The performance of the proposed SS-DLSR was evaluated for a fixed dictionary size (\(k=8\)) and varying relative ratio of the labeled to unlabeled data \(n_l/(n_l+n_u)\). To this end, 70 % of the data was randomly selected as the training set and 30 % as the test set. The training data was further divided to different ratios of labeled and unlabeled data as shown in Table 1 (\(n_l/(n_l+n_u)=\{0.05, 0.1, 0.3, 0.5\}\)). One nearest neighbor was used as the proximity measure between the unlabeled and labeled data to determine the matrix of weights in (7). The value of \(\eta \) for the computation of the dictionary in (9) was set to three different values, i.e., 0 (ignoring unlabeled data), 1 (ignoring labeled data), and \(\eta ^*\) (the most discriminative dictionary corresponding to best classification performance). The sparse coefficients were computed for the labeled portion of the training data as well as for the test data. A support vector machine (SVM) with radial basis function (RBF) kernel was used for the classification of the data by submission of the sparse coefficients to the classifier as suggested in [21]. The SVM was tuned using 5-fold cross validation on the labeled portion of training data to find the optimal kernel width (\(\gamma ^*\)) and optimal trade-off parameter (\(C^*\)). Subsequently, the SVM was trained on whole labeled data in the training set using the optimal \(\gamma ^*\) and \(C^*\) values and tested on the test set. The experiments were repeated 10 times for different random split of the data to training and test sets. The performance is reported in terms of classifier accuracy (averaged over 10 runs) in Table 1.

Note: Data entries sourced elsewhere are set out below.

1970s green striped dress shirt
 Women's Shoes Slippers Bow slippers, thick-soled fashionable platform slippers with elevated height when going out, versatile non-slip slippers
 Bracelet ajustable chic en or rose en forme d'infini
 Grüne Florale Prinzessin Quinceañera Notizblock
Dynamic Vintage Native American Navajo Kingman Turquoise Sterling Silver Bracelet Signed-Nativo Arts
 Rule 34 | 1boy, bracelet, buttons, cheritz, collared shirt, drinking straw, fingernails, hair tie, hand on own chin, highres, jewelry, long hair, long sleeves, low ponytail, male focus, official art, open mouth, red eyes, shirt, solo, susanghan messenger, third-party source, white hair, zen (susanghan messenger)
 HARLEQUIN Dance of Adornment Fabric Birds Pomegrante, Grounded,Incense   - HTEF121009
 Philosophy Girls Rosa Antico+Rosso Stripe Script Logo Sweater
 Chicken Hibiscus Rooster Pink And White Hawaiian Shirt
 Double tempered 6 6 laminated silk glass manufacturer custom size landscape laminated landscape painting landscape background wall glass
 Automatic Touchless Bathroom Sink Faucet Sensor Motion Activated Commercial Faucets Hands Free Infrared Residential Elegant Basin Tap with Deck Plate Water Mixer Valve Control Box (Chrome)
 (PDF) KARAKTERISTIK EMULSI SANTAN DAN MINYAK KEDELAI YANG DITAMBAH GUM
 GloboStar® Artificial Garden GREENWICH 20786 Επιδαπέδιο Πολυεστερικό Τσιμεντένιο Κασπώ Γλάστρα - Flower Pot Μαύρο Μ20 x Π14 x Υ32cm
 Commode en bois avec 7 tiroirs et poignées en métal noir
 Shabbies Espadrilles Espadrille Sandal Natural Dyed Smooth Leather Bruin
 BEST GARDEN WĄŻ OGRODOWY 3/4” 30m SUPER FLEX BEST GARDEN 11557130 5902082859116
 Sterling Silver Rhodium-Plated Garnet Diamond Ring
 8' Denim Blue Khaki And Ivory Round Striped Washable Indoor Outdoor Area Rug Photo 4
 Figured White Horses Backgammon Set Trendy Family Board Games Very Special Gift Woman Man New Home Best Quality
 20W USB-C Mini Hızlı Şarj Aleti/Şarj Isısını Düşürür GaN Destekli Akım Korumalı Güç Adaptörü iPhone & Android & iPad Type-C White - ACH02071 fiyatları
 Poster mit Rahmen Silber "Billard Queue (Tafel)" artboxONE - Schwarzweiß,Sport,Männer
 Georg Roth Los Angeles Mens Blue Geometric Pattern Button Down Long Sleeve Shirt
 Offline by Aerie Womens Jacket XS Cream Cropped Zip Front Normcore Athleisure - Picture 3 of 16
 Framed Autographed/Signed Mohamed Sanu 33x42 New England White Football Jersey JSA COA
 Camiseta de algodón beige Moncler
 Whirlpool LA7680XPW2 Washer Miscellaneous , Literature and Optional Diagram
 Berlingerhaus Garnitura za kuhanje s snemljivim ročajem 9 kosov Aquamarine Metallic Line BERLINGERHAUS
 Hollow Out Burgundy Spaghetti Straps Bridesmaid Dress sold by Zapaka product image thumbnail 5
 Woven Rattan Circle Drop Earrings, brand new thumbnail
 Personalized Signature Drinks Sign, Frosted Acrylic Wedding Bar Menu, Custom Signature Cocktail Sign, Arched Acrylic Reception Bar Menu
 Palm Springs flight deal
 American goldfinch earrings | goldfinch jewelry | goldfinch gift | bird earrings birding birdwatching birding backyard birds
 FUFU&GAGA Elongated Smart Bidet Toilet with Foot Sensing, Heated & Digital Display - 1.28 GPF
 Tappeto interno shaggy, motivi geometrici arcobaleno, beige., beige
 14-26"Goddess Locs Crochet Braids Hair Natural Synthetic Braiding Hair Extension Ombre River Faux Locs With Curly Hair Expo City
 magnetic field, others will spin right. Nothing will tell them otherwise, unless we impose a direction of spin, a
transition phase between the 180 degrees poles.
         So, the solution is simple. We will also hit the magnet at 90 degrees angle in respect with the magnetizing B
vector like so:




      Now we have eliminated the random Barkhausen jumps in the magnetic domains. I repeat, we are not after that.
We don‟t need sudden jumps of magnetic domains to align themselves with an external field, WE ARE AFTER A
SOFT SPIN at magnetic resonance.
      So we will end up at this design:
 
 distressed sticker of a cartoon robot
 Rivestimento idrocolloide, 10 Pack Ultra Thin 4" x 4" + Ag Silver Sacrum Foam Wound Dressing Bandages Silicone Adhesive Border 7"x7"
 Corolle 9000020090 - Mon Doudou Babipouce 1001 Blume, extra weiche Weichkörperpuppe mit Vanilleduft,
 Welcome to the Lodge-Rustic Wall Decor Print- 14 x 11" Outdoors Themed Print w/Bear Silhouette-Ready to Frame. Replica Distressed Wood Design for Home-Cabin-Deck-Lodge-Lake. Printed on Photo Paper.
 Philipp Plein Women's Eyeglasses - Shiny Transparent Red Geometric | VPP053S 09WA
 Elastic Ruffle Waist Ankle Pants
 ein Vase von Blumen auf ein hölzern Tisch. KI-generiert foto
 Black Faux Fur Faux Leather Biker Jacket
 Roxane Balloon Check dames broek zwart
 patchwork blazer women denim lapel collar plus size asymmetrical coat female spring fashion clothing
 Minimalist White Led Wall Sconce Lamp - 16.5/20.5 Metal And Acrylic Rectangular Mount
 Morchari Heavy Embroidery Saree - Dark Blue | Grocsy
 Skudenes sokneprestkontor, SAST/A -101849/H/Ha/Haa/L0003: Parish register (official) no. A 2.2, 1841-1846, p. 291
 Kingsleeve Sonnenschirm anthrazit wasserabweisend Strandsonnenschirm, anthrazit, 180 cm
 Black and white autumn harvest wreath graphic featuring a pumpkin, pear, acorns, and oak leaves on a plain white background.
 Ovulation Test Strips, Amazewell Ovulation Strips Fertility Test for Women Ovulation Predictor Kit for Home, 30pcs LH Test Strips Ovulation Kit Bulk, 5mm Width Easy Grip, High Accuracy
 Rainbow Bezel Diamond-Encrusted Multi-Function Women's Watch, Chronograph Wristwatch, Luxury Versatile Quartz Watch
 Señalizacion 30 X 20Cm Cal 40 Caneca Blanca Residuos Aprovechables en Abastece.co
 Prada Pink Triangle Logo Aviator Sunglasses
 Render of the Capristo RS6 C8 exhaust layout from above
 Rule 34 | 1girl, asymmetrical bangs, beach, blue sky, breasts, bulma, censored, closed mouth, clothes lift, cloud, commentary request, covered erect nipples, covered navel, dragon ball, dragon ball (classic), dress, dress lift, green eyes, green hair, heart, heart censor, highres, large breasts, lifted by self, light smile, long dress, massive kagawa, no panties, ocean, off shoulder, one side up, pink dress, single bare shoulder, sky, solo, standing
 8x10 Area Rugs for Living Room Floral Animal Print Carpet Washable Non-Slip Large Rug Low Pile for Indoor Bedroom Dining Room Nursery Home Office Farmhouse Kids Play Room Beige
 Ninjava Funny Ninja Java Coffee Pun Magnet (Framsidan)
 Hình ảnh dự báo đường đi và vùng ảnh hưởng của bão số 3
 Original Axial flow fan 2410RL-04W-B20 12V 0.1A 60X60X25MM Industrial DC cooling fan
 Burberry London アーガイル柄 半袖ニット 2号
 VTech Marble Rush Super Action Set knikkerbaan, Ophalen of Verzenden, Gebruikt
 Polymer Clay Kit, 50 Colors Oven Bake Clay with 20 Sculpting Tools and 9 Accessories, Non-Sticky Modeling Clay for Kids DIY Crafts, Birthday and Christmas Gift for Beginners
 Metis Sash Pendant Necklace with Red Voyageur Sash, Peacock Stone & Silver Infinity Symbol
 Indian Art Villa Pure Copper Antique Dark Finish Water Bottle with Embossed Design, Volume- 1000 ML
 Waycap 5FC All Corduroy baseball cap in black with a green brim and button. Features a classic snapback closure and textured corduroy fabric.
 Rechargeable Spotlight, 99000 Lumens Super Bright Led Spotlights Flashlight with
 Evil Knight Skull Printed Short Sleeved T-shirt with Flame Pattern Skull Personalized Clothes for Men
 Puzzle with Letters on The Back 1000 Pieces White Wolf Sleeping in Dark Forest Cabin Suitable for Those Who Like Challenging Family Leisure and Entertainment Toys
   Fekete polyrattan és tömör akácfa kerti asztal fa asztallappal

From the results provided in Table 1, there are several immediate observations. First, by adding unlabeled data to the learning of the dictionary (the columns in Table 1 corresponding with \(\eta ^*\)), the classification performance is increased, which means that the learned dictionary is more discriminative. This reveals that the proposed algorithm can effectively incorporate the information from both labeled and unlabeled data into the learning of the dictionary. Second, by decreasing the rate of labeled to unlabeled data (\(n_l/(n_l+n_u)\)), the gain in performance from adding unlabeled data is increased. In realistic settings, there usually exist many unlabeled data and only a small number of labeled data. The proposed SS-DLSR algorithm benefits more from the information provided by the unlabeled data in these situations as can be observed by comparing the column corresponding with \(\eta ^*\) (including both the labeled and unlabeled data into the dictionary learning) and the column with \(\eta =0\) (including only labeled data into the dictionary learning).

4 Discussion and Conclusion

In this paper, a novel semi-supervised dictionary learning and sparse representation method was proposed. A discriminative dictionary was learned in the space of maximum dependency between the labeled data and class labels, where the connectivity of the data was maintained by minimizing the distances between the unlabeled data and the corresponding nearest labeled data. As can be seen from (9), the dictionary has a closed form solution. Also, by using soft-thresholding, the sparse coefficients can be computed using a closed-form solution as given in (10). The proposed SS-DLSR approach is, therefore, very fast. The effectiveness of the proposed method in learning from both supervisory information (based on labeled data) and graph connectivity information (based on unlabeled data) was demonstrated by experiments on two benchmark datasets from UCI machine learning repository.